WORK REQUIRED: Starting with the line that has "用了3年群晖NAS之后，我的吐血总结！插图11" and finishing with the line that has "邛崍國際經(jīng)濟(jì)會(huì)議背景", set down each line below exactly. Pictures are not copied.

PROVIDED MATERIAL START

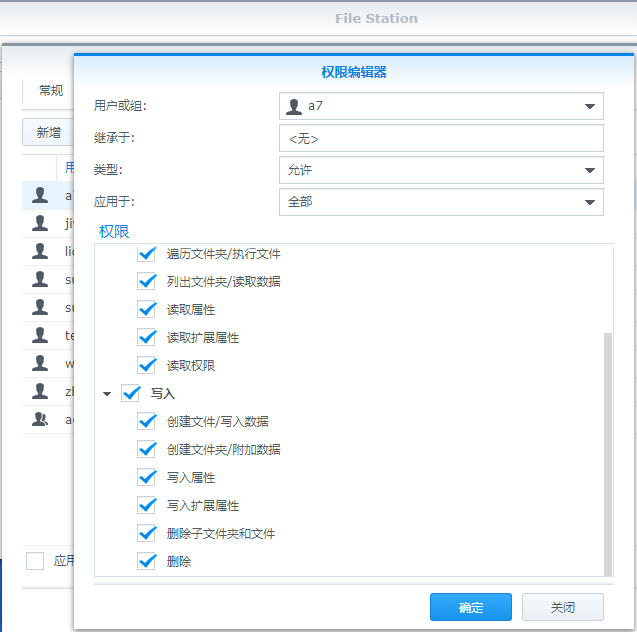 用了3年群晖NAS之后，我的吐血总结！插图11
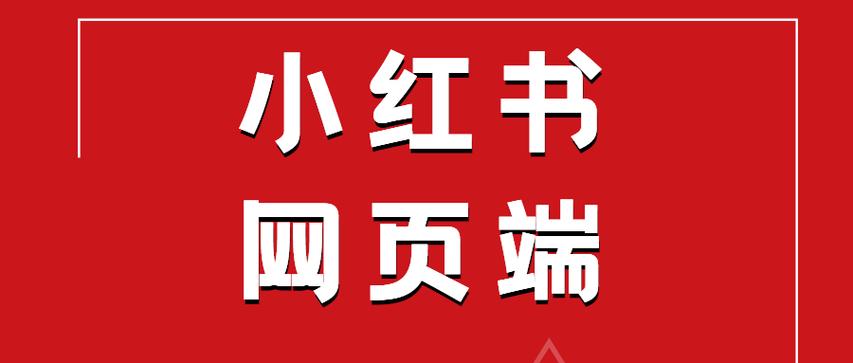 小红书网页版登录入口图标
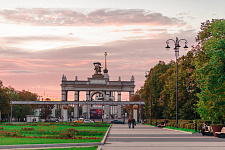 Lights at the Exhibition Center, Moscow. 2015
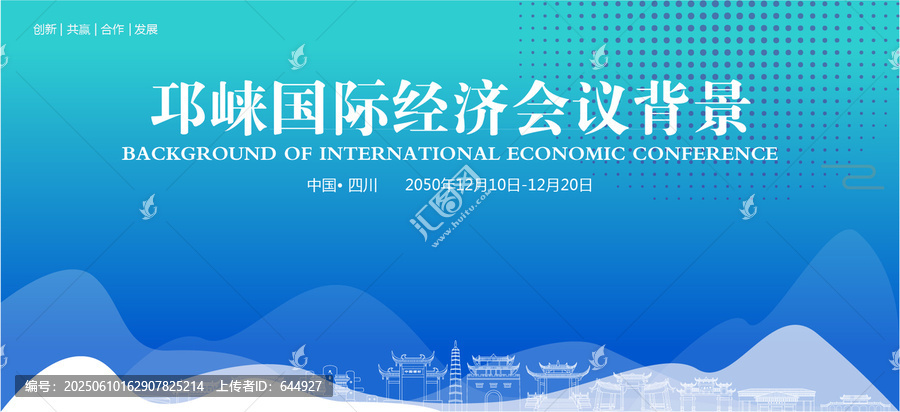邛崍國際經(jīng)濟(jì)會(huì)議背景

PROVIDED MATERIAL END
PROVIDED MATERIAL START

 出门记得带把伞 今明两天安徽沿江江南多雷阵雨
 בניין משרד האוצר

PROVIDED MATERIAL END

ANSWER SECTION:
 用了3年群晖NAS之后，我的吐血总结！插图11
 小红书网页版登录入口图标
 Lights at the Exhibition Center, Moscow. 2015
邛崍國際經(jīng)濟(jì)會(huì)議背景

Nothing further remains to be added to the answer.